*** Opening Supplied records ***

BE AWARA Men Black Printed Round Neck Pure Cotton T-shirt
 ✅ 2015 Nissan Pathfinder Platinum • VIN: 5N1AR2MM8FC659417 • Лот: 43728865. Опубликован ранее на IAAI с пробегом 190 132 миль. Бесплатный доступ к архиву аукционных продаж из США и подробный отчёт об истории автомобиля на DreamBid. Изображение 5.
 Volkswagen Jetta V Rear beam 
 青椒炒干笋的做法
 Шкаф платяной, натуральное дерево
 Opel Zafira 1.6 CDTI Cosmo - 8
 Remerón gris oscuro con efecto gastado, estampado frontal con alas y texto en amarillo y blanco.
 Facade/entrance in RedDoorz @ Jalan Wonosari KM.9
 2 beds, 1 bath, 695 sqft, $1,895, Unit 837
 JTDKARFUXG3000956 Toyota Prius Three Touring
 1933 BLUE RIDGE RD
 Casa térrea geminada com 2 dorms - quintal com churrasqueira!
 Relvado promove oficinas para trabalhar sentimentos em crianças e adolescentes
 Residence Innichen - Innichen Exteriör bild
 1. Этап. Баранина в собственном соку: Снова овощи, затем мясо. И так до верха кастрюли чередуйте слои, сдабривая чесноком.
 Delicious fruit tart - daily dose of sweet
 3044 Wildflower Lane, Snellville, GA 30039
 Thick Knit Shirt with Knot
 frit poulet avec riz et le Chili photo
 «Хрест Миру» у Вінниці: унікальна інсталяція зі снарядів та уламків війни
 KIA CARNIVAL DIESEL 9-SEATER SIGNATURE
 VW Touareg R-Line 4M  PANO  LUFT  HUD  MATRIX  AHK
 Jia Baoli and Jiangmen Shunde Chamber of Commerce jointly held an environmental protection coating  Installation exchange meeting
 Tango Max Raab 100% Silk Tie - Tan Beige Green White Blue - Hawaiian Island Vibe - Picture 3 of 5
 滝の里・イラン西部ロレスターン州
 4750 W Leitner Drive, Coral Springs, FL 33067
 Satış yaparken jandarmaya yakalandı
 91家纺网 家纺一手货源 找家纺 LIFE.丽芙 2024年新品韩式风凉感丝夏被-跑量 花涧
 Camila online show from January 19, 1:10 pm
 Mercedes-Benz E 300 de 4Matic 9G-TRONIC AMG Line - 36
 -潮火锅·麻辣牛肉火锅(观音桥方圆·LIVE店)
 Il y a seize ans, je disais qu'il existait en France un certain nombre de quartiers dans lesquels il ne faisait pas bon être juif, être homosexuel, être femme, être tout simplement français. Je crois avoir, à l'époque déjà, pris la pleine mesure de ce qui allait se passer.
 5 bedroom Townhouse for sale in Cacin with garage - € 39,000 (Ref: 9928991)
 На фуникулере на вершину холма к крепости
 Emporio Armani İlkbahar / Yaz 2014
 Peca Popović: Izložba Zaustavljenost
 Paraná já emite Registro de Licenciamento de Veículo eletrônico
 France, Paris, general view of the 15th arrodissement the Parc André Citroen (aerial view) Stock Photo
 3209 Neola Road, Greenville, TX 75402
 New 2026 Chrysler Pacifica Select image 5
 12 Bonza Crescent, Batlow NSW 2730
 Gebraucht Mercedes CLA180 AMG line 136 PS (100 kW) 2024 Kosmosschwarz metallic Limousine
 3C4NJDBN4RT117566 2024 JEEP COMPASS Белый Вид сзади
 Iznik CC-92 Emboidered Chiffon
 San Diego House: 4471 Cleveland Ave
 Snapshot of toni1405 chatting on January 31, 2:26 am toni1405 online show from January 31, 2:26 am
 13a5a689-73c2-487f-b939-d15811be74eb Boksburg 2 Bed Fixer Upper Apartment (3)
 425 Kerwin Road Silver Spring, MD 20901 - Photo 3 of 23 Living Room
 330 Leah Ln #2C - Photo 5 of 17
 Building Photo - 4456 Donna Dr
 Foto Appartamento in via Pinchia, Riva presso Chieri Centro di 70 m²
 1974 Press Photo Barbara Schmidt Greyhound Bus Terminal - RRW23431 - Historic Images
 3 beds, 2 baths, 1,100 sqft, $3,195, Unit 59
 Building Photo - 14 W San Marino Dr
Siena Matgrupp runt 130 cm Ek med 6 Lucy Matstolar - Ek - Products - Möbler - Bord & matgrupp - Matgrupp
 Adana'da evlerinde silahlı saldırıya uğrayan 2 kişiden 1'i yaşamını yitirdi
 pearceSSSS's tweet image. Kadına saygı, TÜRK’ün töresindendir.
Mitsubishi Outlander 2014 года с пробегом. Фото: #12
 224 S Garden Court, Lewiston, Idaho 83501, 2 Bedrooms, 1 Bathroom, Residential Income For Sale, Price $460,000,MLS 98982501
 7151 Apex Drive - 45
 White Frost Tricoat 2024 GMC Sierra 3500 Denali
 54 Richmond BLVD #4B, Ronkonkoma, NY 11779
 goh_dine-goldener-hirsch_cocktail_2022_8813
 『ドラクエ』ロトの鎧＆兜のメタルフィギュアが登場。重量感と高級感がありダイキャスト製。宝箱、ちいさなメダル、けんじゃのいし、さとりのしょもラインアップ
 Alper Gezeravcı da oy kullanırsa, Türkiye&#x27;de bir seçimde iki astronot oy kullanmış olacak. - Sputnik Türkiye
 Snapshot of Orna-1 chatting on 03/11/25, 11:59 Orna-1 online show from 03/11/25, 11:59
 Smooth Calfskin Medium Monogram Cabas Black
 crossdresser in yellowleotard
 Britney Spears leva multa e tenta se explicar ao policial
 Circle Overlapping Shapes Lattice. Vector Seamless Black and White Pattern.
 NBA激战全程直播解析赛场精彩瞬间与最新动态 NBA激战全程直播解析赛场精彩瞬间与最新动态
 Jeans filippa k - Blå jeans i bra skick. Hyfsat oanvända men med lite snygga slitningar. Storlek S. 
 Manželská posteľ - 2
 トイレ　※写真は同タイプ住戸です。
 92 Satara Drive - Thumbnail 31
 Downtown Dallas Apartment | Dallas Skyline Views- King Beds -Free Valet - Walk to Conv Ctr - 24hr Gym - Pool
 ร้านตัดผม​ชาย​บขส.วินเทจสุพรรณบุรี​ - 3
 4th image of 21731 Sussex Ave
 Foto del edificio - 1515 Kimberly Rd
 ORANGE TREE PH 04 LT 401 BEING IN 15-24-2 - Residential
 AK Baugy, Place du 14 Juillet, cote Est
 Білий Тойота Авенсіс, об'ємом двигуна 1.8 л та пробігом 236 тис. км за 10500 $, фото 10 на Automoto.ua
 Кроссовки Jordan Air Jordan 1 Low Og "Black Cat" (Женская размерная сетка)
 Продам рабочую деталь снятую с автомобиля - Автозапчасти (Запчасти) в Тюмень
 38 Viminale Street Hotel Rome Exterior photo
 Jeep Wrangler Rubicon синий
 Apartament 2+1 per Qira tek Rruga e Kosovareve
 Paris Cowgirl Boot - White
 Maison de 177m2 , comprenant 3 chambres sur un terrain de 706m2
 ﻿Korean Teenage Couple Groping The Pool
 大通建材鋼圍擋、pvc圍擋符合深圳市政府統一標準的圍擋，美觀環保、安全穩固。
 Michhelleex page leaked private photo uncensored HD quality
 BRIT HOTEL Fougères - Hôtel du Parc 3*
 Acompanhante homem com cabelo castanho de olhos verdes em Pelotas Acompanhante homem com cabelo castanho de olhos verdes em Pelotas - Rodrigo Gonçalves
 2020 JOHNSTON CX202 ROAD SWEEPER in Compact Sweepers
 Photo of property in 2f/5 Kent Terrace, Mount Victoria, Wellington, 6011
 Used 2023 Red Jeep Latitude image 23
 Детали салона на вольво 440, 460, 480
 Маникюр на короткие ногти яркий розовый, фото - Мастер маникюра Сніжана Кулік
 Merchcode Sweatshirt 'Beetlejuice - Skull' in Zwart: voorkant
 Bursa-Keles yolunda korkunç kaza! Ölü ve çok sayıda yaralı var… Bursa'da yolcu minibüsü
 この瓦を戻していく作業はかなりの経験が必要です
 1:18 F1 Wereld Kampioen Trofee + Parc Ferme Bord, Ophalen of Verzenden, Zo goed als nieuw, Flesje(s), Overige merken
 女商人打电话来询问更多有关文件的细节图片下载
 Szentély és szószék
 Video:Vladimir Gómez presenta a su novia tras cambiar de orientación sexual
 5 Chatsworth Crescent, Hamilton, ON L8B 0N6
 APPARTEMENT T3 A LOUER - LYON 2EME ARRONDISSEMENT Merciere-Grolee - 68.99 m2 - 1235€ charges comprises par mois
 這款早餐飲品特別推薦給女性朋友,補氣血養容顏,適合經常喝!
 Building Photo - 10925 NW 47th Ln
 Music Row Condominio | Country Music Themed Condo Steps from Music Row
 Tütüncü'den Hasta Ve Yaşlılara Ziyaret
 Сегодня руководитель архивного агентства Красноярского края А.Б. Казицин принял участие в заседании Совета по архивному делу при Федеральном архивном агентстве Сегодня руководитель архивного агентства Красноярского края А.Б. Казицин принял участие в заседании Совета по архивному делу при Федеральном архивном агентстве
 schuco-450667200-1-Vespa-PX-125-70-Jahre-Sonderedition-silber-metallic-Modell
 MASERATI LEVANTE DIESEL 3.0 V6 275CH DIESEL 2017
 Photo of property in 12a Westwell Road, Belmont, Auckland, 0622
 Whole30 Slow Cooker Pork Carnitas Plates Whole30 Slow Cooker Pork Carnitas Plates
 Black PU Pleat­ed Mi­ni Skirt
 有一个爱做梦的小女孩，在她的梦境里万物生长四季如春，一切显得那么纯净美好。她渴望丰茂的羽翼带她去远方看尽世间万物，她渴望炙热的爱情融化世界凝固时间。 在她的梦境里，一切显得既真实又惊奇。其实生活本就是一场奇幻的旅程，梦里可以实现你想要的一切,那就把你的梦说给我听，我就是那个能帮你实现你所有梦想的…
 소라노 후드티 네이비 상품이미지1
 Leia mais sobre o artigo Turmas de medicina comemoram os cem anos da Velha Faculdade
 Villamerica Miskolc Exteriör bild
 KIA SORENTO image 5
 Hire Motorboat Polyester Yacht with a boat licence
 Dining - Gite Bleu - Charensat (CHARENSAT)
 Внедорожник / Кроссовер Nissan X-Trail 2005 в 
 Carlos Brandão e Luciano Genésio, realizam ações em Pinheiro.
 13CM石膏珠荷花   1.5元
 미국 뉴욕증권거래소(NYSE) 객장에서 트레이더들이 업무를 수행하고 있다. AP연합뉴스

*** Closing Supplied records ***

The reply should consist solely of the lines above from the one that has "滝の里・イラン西部ロレスターン州" through the one that has "San Diego House: 4471 Cleveland Ave", reproduced exactly.

Final answer:
 滝の里・イラン西部ロレスターン州
 4750 W Leitner Drive, Coral Springs, FL 33067
 Satış yaparken jandarmaya yakalandı
 91家纺网 家纺一手货源 找家纺 LIFE.丽芙 2024年新品韩式风凉感丝夏被-跑量 花涧
 Camila online show from January 19, 1:10 pm
 Mercedes-Benz E 300 de 4Matic 9G-TRONIC AMG Line - 36
 -潮火锅·麻辣牛肉火锅(观音桥方圆·LIVE店)
 Il y a seize ans, je disais qu'il existait en France un certain nombre de quartiers dans lesquels il ne faisait pas bon être juif, être homosexuel, être femme, être tout simplement français. Je crois avoir, à l'époque déjà, pris la pleine mesure de ce qui allait se passer.
 5 bedroom Townhouse for sale in Cacin with garage - € 39,000 (Ref: 9928991)
 На фуникулере на вершину холма к крепости
 Emporio Armani İlkbahar / Yaz 2014
 Peca Popović: Izložba Zaustavljenost
 Paraná já emite Registro de Licenciamento de Veículo eletrônico
 France, Paris, general view of the 15th arrodissement the Parc André Citroen (aerial view) Stock Photo
 3209 Neola Road, Greenville, TX 75402
 New 2026 Chrysler Pacifica Select image 5
 12 Bonza Crescent, Batlow NSW 2730
 Gebraucht Mercedes CLA180 AMG line 136 PS (100 kW) 2024 Kosmosschwarz metallic Limousine
 3C4NJDBN4RT117566 2024 JEEP COMPASS Белый Вид сзади
 Iznik CC-92 Emboidered Chiffon
 San Diego House: 4471 Cleveland Ave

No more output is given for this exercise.